Por ello queridos hermanos, es bueno asociarnos a la oración de la Iglesia suplicante –que hemos pronunciado al inicio de esta celebración eucarística, más específicamente en la oración colecta-: “que el aprendizaje de la sabiduría celestial nos lleve a gozar de su presencia”. Que la comprensión y el sentido de preparar, enderezar, allanar o rebajar –según sea el caso-, sean prácticas eficaces en nuestra vida para que comprendiendo lo que es bueno y justo avancemos por el sendero de la unidad y de la paz.

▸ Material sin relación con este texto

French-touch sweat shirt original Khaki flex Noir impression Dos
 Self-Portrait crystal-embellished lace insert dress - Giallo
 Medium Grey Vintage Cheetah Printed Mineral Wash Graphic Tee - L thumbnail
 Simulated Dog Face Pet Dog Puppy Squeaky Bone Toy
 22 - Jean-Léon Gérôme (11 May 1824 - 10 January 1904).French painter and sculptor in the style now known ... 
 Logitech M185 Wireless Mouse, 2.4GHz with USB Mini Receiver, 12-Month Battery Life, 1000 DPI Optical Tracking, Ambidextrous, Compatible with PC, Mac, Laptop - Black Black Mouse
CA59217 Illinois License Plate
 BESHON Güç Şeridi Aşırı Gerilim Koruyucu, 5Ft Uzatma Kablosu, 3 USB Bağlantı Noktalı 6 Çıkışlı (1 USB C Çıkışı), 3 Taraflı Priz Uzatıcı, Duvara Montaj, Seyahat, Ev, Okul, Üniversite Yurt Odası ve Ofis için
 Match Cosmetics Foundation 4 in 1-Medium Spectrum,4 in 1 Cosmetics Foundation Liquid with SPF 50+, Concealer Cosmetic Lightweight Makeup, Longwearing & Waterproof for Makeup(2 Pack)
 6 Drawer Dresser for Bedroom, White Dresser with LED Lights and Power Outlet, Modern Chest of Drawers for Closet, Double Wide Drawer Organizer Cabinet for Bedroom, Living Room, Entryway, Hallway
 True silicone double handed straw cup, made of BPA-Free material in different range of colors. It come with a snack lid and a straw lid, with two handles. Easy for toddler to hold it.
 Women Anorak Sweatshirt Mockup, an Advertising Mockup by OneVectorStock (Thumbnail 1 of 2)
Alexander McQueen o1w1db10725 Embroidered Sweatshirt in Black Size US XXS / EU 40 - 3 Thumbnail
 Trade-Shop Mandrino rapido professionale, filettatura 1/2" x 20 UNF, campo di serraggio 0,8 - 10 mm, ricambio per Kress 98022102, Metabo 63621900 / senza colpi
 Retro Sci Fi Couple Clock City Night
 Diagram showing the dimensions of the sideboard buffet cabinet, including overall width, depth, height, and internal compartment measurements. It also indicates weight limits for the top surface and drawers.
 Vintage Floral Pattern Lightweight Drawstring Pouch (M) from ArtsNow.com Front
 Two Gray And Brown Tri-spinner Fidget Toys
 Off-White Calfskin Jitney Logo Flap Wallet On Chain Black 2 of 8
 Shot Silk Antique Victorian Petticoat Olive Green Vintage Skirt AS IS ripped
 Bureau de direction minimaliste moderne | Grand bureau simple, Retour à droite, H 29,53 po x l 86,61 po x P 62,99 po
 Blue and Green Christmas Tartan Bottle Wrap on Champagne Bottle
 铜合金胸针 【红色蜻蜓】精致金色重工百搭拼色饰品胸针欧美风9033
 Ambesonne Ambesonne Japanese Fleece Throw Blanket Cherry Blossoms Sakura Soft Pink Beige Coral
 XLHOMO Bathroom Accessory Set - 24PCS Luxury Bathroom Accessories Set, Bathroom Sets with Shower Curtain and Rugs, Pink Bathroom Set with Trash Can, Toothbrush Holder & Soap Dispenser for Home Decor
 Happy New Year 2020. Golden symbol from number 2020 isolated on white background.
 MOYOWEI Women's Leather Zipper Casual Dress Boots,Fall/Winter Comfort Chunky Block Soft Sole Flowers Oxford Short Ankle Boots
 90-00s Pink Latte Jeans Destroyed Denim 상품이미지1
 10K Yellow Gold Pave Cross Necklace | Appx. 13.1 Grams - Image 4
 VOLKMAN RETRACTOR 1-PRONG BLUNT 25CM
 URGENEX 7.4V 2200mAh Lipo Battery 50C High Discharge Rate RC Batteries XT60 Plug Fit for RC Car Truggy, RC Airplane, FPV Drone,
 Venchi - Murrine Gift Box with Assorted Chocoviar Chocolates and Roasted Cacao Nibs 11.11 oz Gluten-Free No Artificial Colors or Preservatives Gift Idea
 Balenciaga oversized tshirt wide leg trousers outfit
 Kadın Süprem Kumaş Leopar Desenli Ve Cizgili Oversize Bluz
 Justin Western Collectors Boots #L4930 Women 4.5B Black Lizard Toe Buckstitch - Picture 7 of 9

Quiero terminar esta homilía con la invitación que San Bernardo de Claraval, hacía a sus hermanos monjes, y que me parece, va muy acorde con lo que hemos meditado, el monje francés, queriendo concientizar a otros monjes sobre la importancia de mantener listo el corazón para la llegada del Señor, les decía: “No tienes necesidad, oh hombre, de atravesar los mares ni de elevarte sobre las nubes y traspasar los Alpes; no, no es tan largo el camino que se te señala: sal al encuentro de tu Dios dentro de ti mismo. Pues la palabra está cerca de ti: la tienes en los labios y en el corazón. Sal a su encuentro con la compunción del corazón y la confesión sobre los labios, para que al menos salgas del basurero de tu conciencia miserable, pues sería indigno que entrara allí el Autor de la pureza. Lo dicho hasta aquí se refiere a aquella venida, con la que se digna iluminar poderosamente las almas de todos y cada uno de los hombres”.

Salgamos al encuentro del Señor dispuestos, preparados listos para encontrarnos con él, que ninguna idea fantasiosa o promesa ilusa nos impida acercarnos a él. Volquemos el corazón a la esperanza para que con voz pertinaz y actitudes contundentes diariamente digamos: ¡Ven Señor Jesús!